Arts and Entertainment Editor 

Dr. Ellen McWhorter began her career at Merrimack College in 2009 and is presently in her eleventh year here. Today, Dr. McWhorter is an Associate Professor in the English Department as well as the Associate Director to the Merrimack College Honors Program. Dr. McWhorter likes working in both of the departments because she has always enjoyed working with students and it keeps her mind sharp. She has always had a passion for English and she enjoys watching students learn and develop similar passions for literature. Within the Honors Program she loves having the opportunity to work with motivated students on campus, and she believes that it is those students who have the determination to really make changes in the world. 

Prior to arriving at Merrimack College, Dr. McWhorter attended Bucknell University for undergrad and was first majoring in pre-med. However, the pre-med track only lasted a semester because she wanted a life that revolves around the arts. She then switched her major to English and Philosophy. She fell in love with both majors and applied to grad school in both areas. However, in the end, English was her main trajectory and she attended the University of Illinois at Urbana-Champaign for both her M.A. and Ph.D.
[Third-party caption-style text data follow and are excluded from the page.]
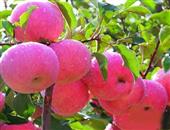 橙子安神苹果减肥如何利用香味改善健康状况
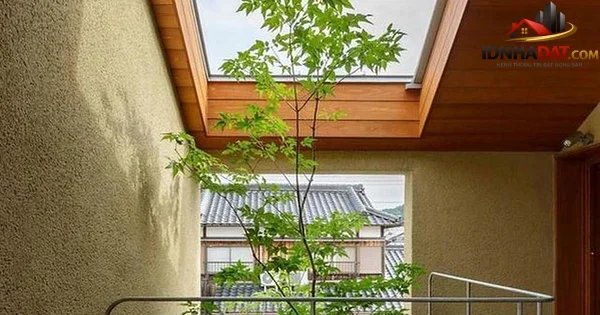 Giếng trời: Giải pháp tuyệt vời cho căn nhà sáng thoáng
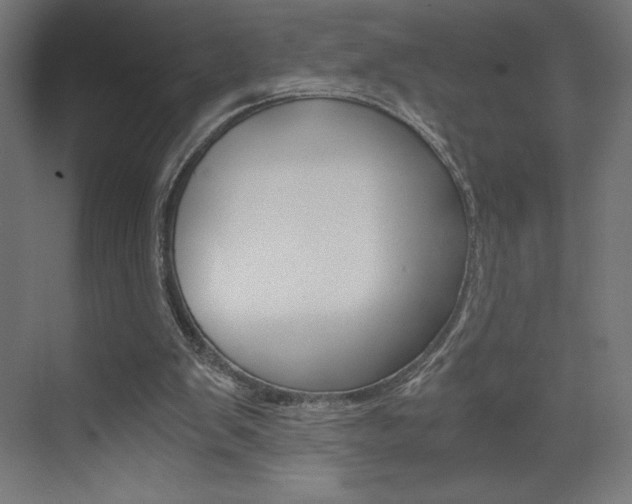 X0000073430103200607281015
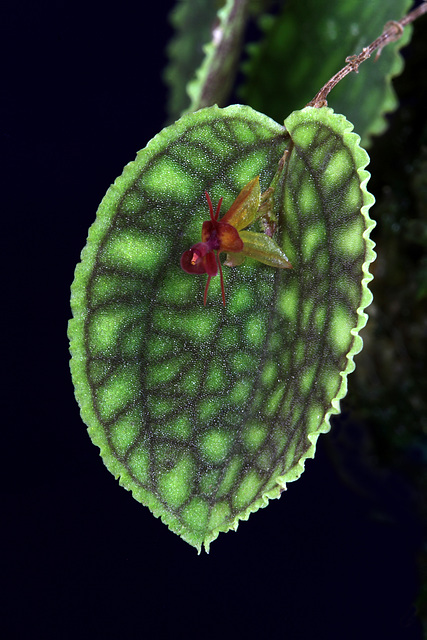 Lepanthes calodictyon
When it comes to being an English professor on campus, Dr. McWhorter enjoys teaching English classes that are more upper-level classes due to the fact they are more centered on a particular subject. This also allows for students to dive deeper into a particular subject and analyze it more completely. Dr. McWhorter favors more Modernist-themed classes. These classes include deep studies in authors such as J. Alfred Prufrock, Gertrude Stein, and Langston Hughes. Another class also follows the Gatsby-era due to its overall impact on American literature. 
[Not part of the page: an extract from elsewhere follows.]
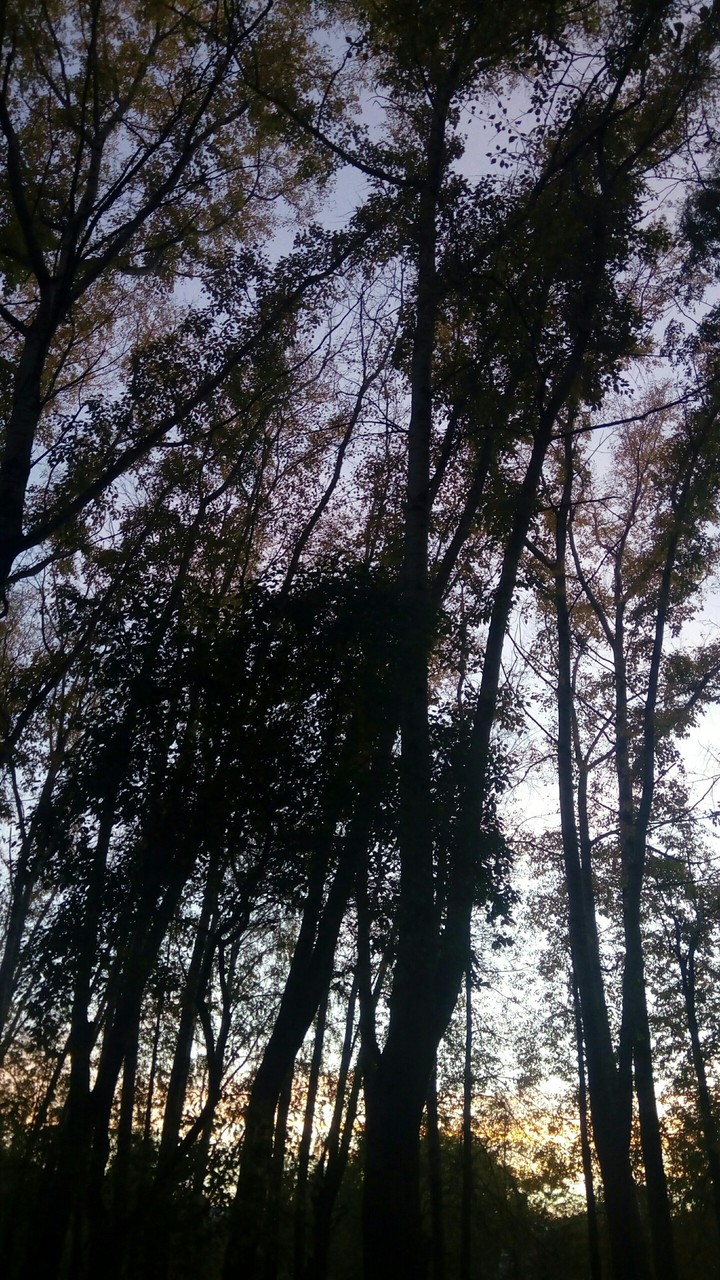 вечерняя осень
When Dr. McWhorter is not teaching in classes, she is currently pursuing research with Dr. Christy Pottroff, who is an Assistant Professor in the Department of English. The basis of their research is “Finding Anne Bradstreet,” which reveals the life and legacy of the first poet in the new world, Anne Bradstreet. Bradstreet grew up and died in North Andover, Massachusetts, so both Dr. McWhorter and Dr. Pottroff’s end goal is to locate the remains of her home in North Andover as well as find her burial site. Thus far they have taken students to examine town archives, assisted with ground examination along with archaeologists, and went to watch dendrochronological samples be taken from older houses in the area. Dr. McWhorter and Dr. Pottroff both want this to be a learning experience, but at the same time they see it as an opportunity to give back to the North Andover community as a whole. 

In Dr. McWhorter’s spare time she enjoys “studying vampire narratives.” Others may not believe this a true hobby, however, she finds following the narratives very interesting. She is a connoisseur of horror movies and currently she is watching 1960s television show “Dark Shadows.” Currently, she just watches for pleasure, but in the future she plans to write academic essays about the show sometime in the next couple years. She also enjoys gardening, cooking, and hanging with her wife, cat, and dogs. 
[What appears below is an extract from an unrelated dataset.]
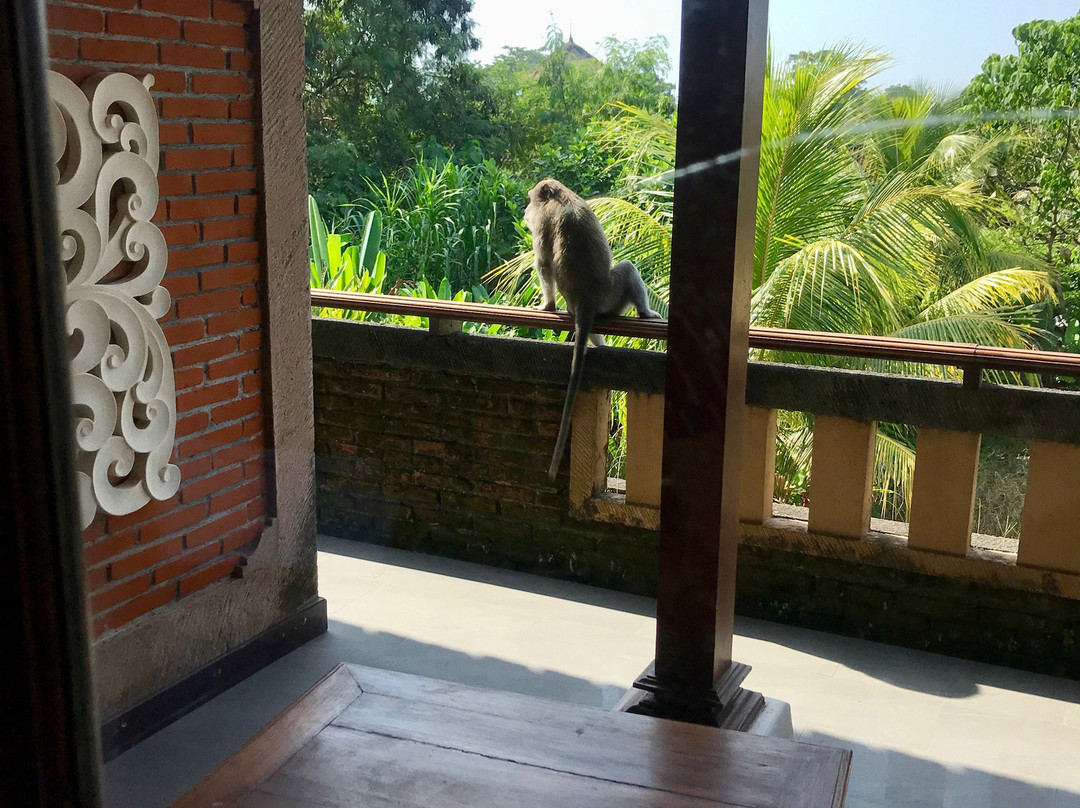 萨恩茵达酒店主图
If Dr. McWhorter could pursue any other profession besides her own, she would study psychotherapy. Most of her current knowledge in psychotherapy is only literary-based and what she has learned on her own through the years. When she studies texts she finds psychoanalytic principles within the literature. In the future, she would love to learn more about the brain’s ability to analyze literary pieces and why humans make the decisions they do.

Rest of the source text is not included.